3 minute read

The Kid and the Fridge | Carole Louis

Carole Louis

The focus of the 2021 SACO Contemporary Art Biennial was Flood –in memory of the 1991 flood that devastated Antofagasta, located in the Atacama Desert, one of the driest deserts in the world. An invitation to evoke and reflect upon the permanent possibility of imminent catastrophe, and how humanity would overcome it –if at all. Thanks to the Federation of Wallonia-Brussels, I was invited to propose a project.

While browsing through Wikipedia, I discovered Tapu, an ancient ritual from Rapa Nui - I also didn’t realize that the Easter Islands were part of Chile; geography was never my forte. Tapu was a way to prevent the depletion of natural resources, by means of local and temporary prohibition of their use. In a contemporary reflection on this ritual, I imagined burying several refrigerators in the desert.

After my project proposal had been selected, the organizers of SACO shared an urban legend with me, according to which a child survives the floods by hiding in a fridge. Again: I obviously knew nothing about it, but was pleasantly surprised by the overlap between this tale and my initial idea. The location I chose for my intervention is the site of the Ruins of Huanchaca, a former silver foundry.

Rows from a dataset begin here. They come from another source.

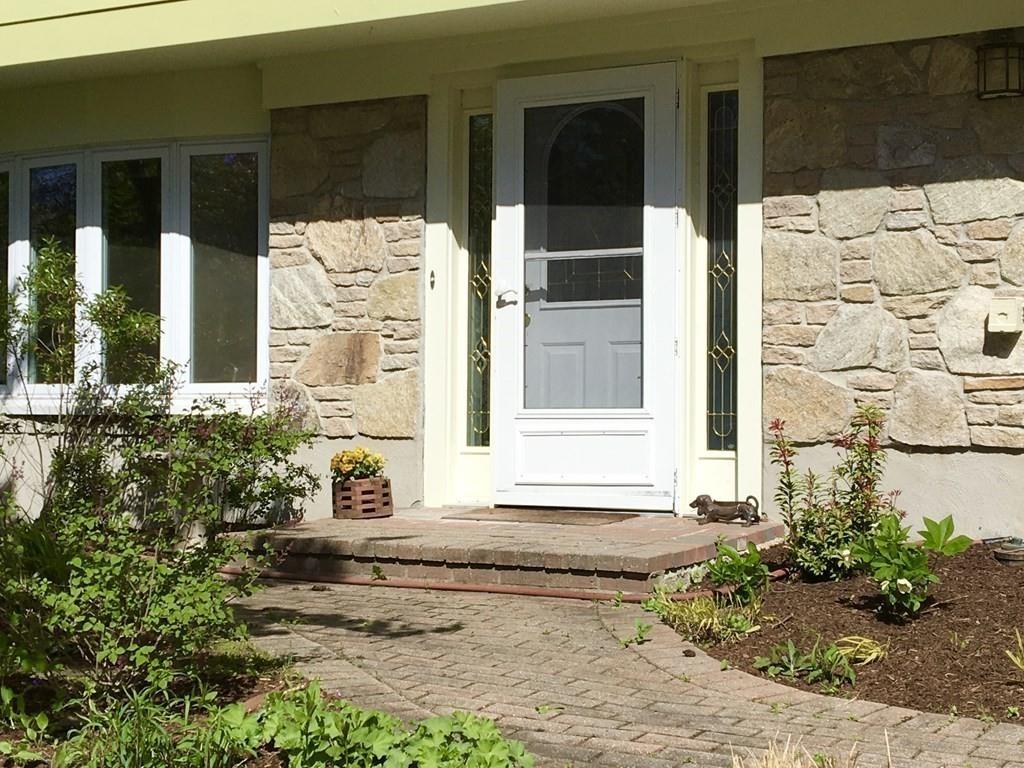 47 Ledgewood Road Framingham, MA 01701 - Photo 2 of 32 Gallery Image 2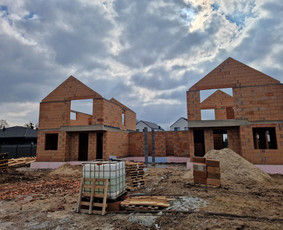 Statybos darbai - Mūrininkai atlieka darbus - 2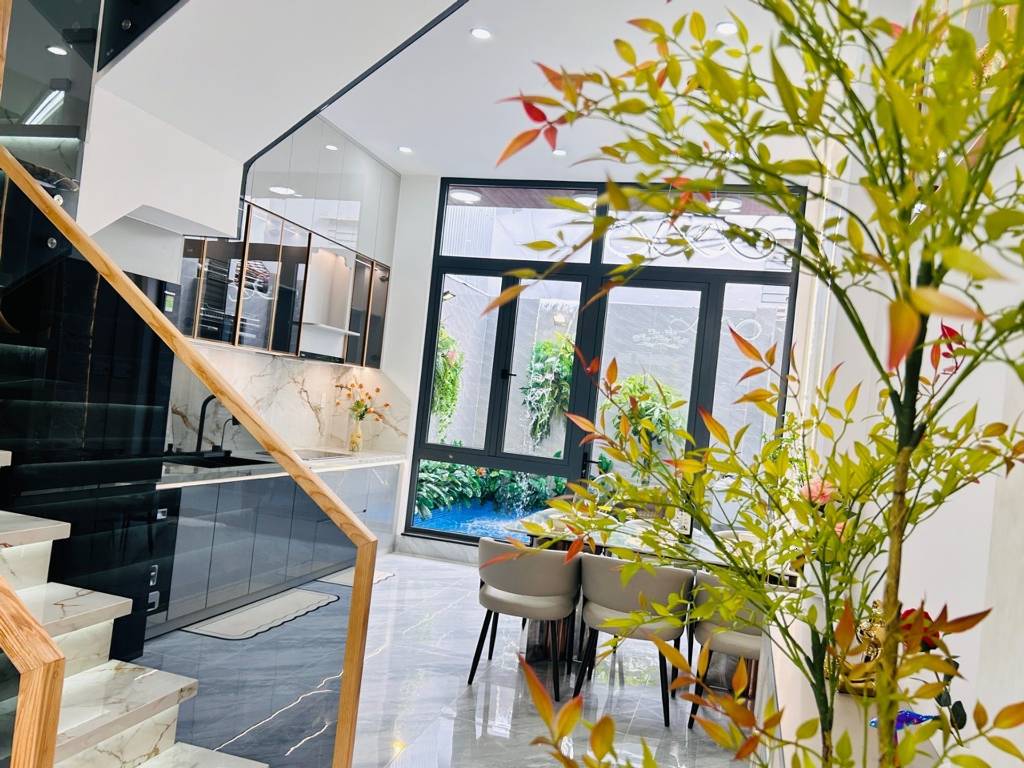 BÁN NHÀ KIỆT HOÀNG DIỆU, HẢI CHÂU, MỚI XÂY 70M2, CÓ HỒ BƠI, GIÁ CHỈ 7,4 TỶ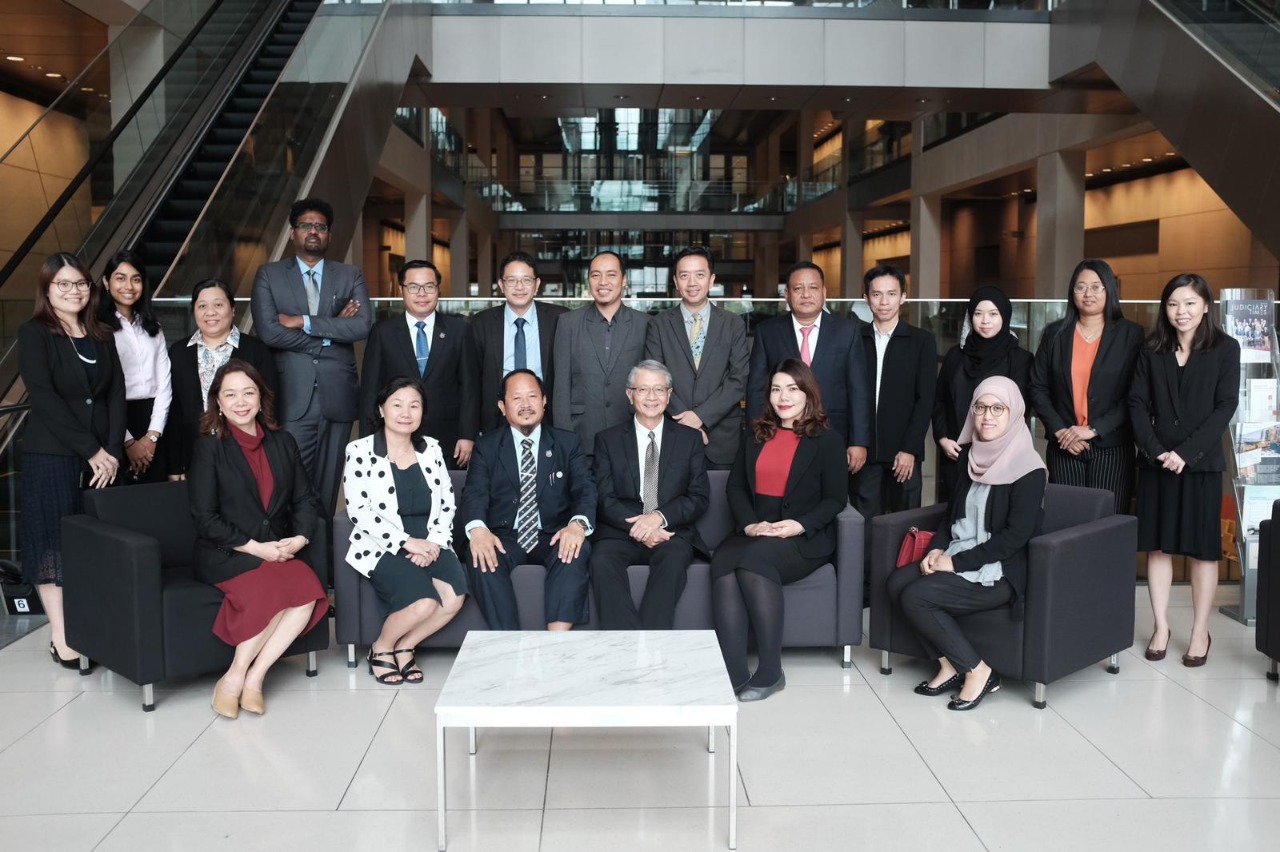 DELEGASI MAHKAMAH AGUNG R.I. MENGHADIRI PERTEMUAN CACJ WORKING / STUDY GROUP DI SINGAPURA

I put myself in the skin of the protagonist of the legend: the child, sole survivor, plays to ward off death by disguising himself as a skeleton. He was forced to bury his relatives - or rather the values that eventually caused them to perish. What’s buried in the fridges are seemingly outdated parental values: creative poetic romanticism, the direct and

linear link between work and wage, the idea of keeping domestic animals (which in case of famine might quickly feed on us), the blind and thoughtless tourism.

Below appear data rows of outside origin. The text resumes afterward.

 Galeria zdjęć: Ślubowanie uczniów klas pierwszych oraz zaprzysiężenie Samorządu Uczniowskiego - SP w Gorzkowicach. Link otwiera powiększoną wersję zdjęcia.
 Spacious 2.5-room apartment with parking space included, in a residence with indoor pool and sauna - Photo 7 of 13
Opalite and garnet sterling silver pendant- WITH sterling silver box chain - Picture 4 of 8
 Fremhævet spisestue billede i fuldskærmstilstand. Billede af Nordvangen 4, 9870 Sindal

The surviving child gathers in front of the graves and offers them a drink from the precious few bottles of soda that are left. He’s sowing what seems to be the remains of the economy, hoping to bring back abundance: he’s throwing chocolate coins around. The slightest noise or movement makes him run away and hide in his fridge.

In working towards my performance, I integrated the following objects:

-a piece of fichas - a rubber coin that was used to pay miners, and was an effective way to enslave them through a restricted circuit of the economy. They can still be found at the small port of Antofagasta for 3.000 pesos each.

-3-liter bottles of soda that are cheaper than water. In the shops, you can contract localized credit. Everything is privatized in Chile, and hence debt is omnipresent.

-artificial flowers: they are widely found in Chinese shops, and they are used to decorate the graves of animals, and animitas - small temples to honor the victims of road accidents.

-low-value coins, and chocolate coins wrapped in bad imitations of euros.

-an overall in white leather, a piece of workman’s clothing that I found at the flea market.